When you look at Excel solutions for PHP, the first thing you find is PHPExcel, digging a little bit further lets you find libXl. The prior is a pure PHP solution, the latter a native library for a couple of operating systems. There is a PHP extension that exposes this library to PHP, so you can do the same things with it that you can do with PHPExcel.
TL;DR: PHPExcel is nice, libXl with php_excel can do the same WAY faster. Use the Diagrams below to convince your customer/boss/CFO to invest in performance.
Recently, over at Sitepoint, Taylor Ren wrote about PHPExcel for generating Excel files with pure PHP, reacting to feedback demanding windows-free solutions. The same applied to us in a recent project. Reading and writing XLS aswell as XLSX files sent us to the same library, since it is state-of-the-art, robust, open-source and most importantly runs on linux servers.
We had one problem though: XLS files can get huge. Any modern pure PHP solution has to represent Cells and Rows and Sheets with a huge number of objects and will thus grow exponentially. But there is an alternative:
libXl offers the same range of Excel formats as PHPExcel (sans ODS, HTML and other non-proprietary types). It is available for Linux, Mac and Windows, so it can support pure Linux environments. For use in PHP, there is an extension that exposes all library functionality to PHP. If your customer requires you to read and write files that are generated and might be edited by typical corporate users, the task can be solved by either LibXl or PHPExcel. One is free to use, the other one costs between 200 and 1500 EUR – not that much in corporate terms, but you need to explain why the customer should spend his money.
So we did some benchmarking. First a couple of writes to a document with 5 sheets of 26 columns and 2000 rows.
As you can see in the graphs (note the logarithmic y scale), both PHPExcel and libXl use an exponential amount of time, but libXl is more than one order of magnitude faster than PHPExcel.

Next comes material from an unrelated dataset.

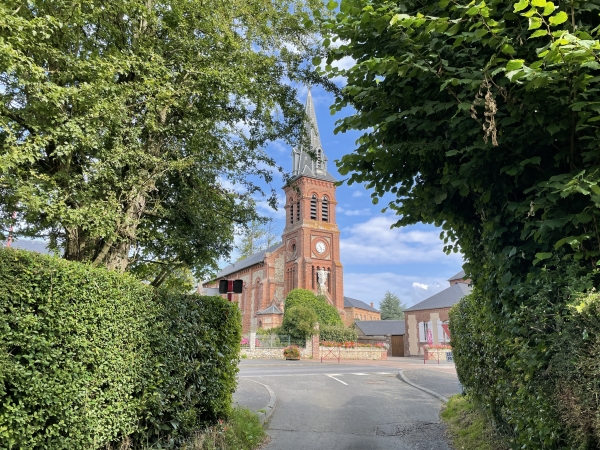 Nous voilà de retour devant l'église Saint-Pierre.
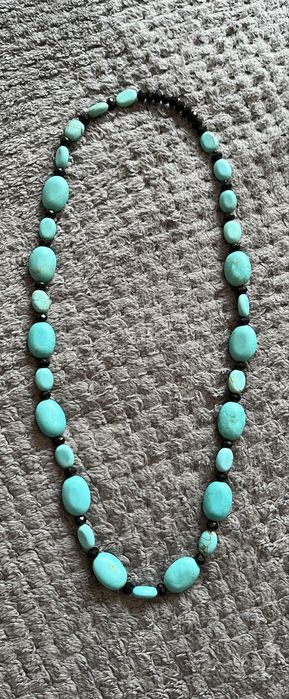 Бижутерия бусы разные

Memory can not be compared directly unfortunately, since PHP can not measure what the system library uses. PHPExcel’s memory usage follows an exponential course with a peak value of 180 megabyte for 200000 writes to the XLSX document.
Next, reads are measured. We read from a document with 5 sheets and 20 columns.

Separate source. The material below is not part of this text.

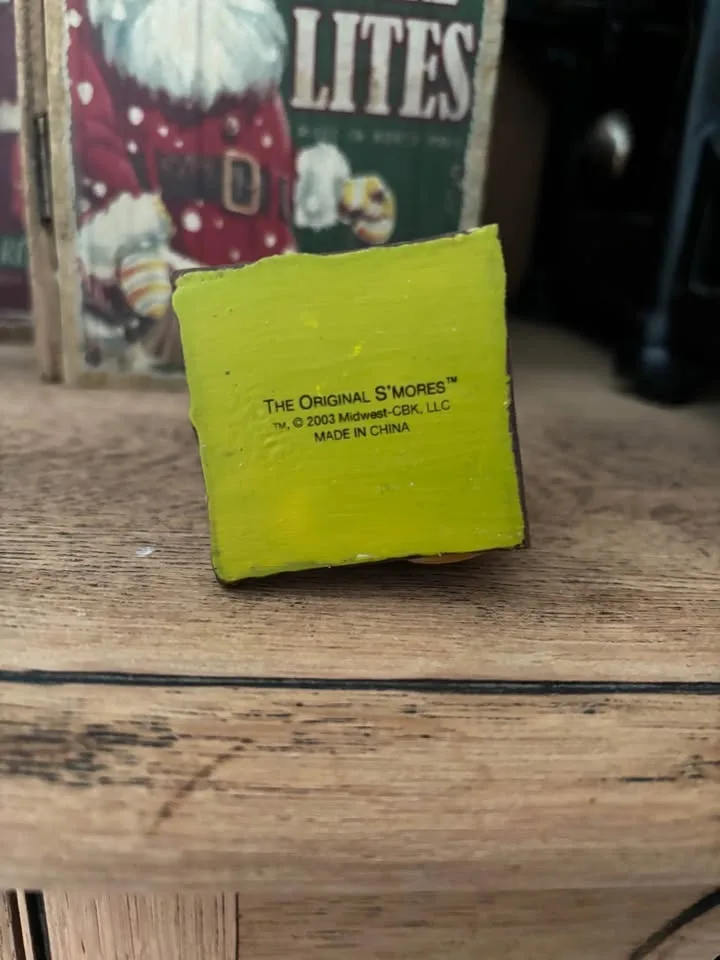 S'Mores Original 2003 with Guitar Ornament image indicator(2)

Similar to the writes, the runtime of both PHPExcel and libXl follow an exponential curve, again libXl is significantly better, this times almost two orders of magnitude. In absolute numbers, for 200000 reads from a XLSX document with 40000 entries PHPExcel needs 55 seconds, whereas libXl is done in 700 milliseconds.
Reading lets libXl use some memory, so we at least have something to compare, although the difference can rather be used to determine what PHP uses to store the data, instead of the amount of memory used by the library itself.

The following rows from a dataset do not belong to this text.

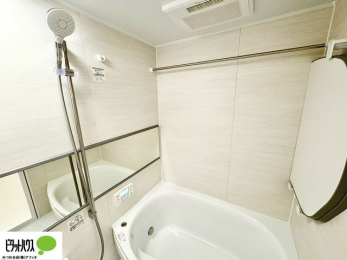 @̔ĂoX[͍LXBx͂qlƈꏏɗVтȂ܂ˁB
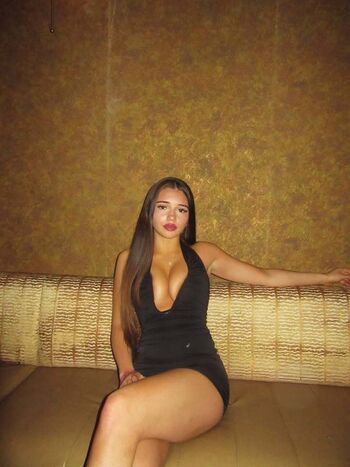 Full leaked Sophiegzzz private photo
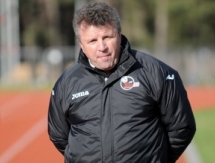 Казахстанского тренера награждают в Литве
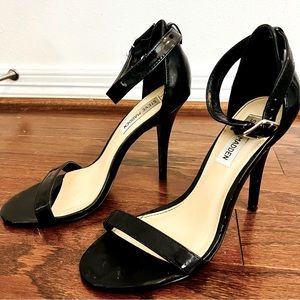 Steve Madden - Size 8.5 - Black Patent Leather Open Toe Heels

Finally, we did some measurements of extreme cases, just to be able to reach the limits of what can be done.
Test-Case | Number of Writes | Execution Time (libxl) | Memory Usage* (libxl) | Execution Time (PHPExcel) | Memory Usage* (PHPExcel) |
---|---|---|---|---|---|
1 sheet, 10 columns, 1.000 rows | 10.000 | 58ms | 262k / 28M** | 599ms | 14M / 40M** |
1 sheet, 10 columns, 500.000 rows | 5.000.000 | 34s | 262k / 985M** | 37min | 4,2G / 4.2G** |
1 sheet, 10 columns, 1.048.576 rows (max rows since Excel 2007) |
10.485.760 | 74s | 262k / 2.1G** | PHP Fatal error: Allowed memory size of 8589934592 bytes exhausted | |
1 sheet, 10 rows, 1.000 columns | 10.000 | 58ms | 262k / 27M** | 567ms | 14M / 40M** |
1 sheet, 10 rows, 16.384 columns (max columns since Excel 2007) |
163.840 | 1.010ms | 262k / 54M** | 10s | 148M / 170M** |
1 sheet, 16.384 columns, 3.500 rows | 57.344.000 | 8min | 262k / > 8G** | PHP Fatal error: Allowed memory size of 8589934592 bytes exhausted | |
1 sheet, 16.384 columns, 1.048.576 rows | 17.179.869.184 | Neither tool can handle this | |||
10.000 sheets, 1 column, 1 row | 10.000 | 124s | 262k / 62M** | 124s | 93M / 123M** |
20.000 sheets, 1 column, 1 row | 20.000 | 10min | 252k / 94M** | 39min | 188M / 220M** |
* measurement with memory_get_peak_usage(true) gives an idea how much PHPExcel uses, libXl can’t be measured from within PHP.
** approximate overall memory use with ps
As you can see, due to a smaller memory footprint, libXl is slightly more useful when you have a special set of data to crunch. Apparently you should be able to solve problems with either by simply adding enough memory. PHPExcel is perfectly sufficient for all kinds of data that normally fits on your screen. For larger data sets, you can use libXl to boost your performance significantly.